Our study has several important limitations. We have focused on the simple scenario of a well-mixed, large population, even though population structure (in the absence of uncertainty) is known to have a strong impact on behavioral evolution (8–10, 55–57). We have explored the combined effects of population structure and payoff uncertainty by simulations (SI Appendix, Fig. S2), but this remains a topic for future analytical research. Likewise, we have focused on pairwise interactions (two-player games) alone, leaving yet unexplored the effects of uncertainty and risk preferences on behavioral evolution in multiway interactions, such as public goods games (58, 59), or in iterated games.

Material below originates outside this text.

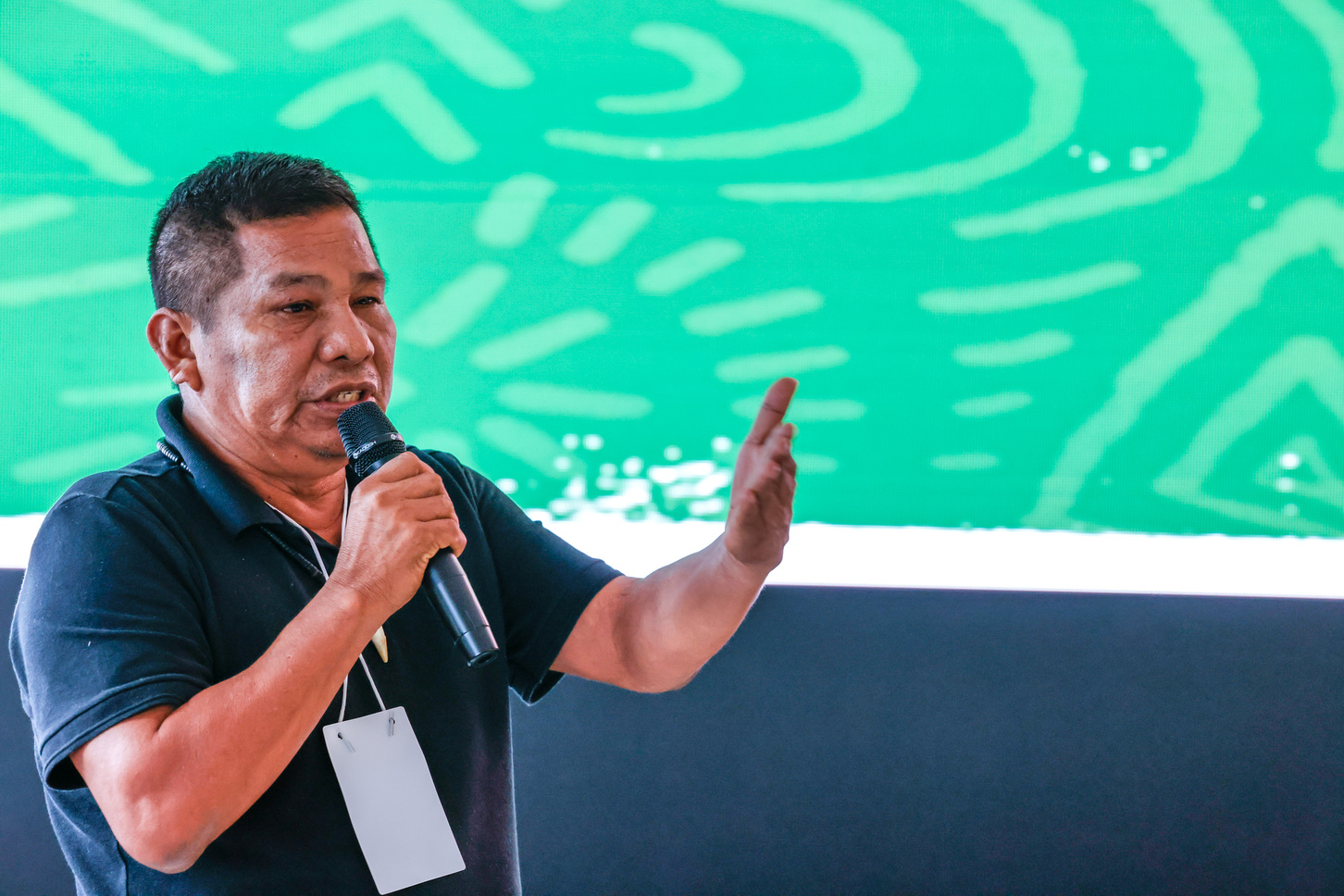 Liderança indígena fala ao microfone durante seminário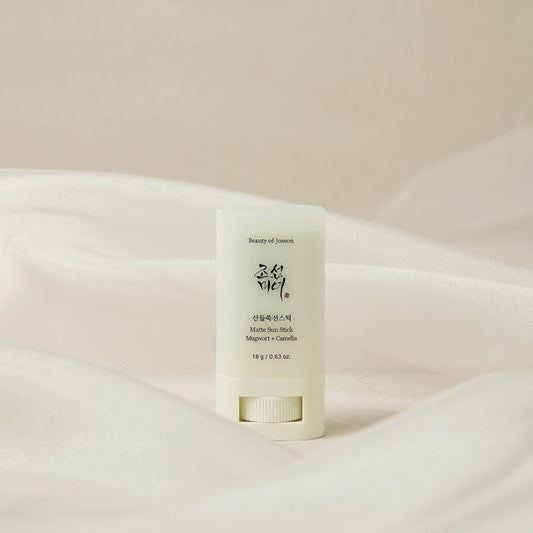 Matte Protector Solar Mugwort + Camelia SPF50+ - Clementinepure.ec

Finally, although utility theory has been an incisive tool for understanding individual decision-making in the face of uncertainty, Kahneman and Tversky have proposed an alternative theory—prospect theory—that relaxes some assumptions of perfect rationality (25). According to prospect theory, for example, individuals have asymmetric attitudes when facing gains versus losses, known as loss aversion. Analysis of how uncertainty and risk preferences, under the framework of prospect theory, will affect behavioral dynamics in a population undergoing social learning remains an outstanding area for future development in evolutionary game theory.

Materials and Methods

Complete derivations of our mathematical results are detailed in SI Appendix. We briefly outline these derivations below.

Replicator Dynamics.

We briefly summarize the derivation of the replicator equation that describes the evolution of behavior in the presence of payoff uncertainty and risk preferences. Some of the technical details, as indicated, are deferred to SI Appendix.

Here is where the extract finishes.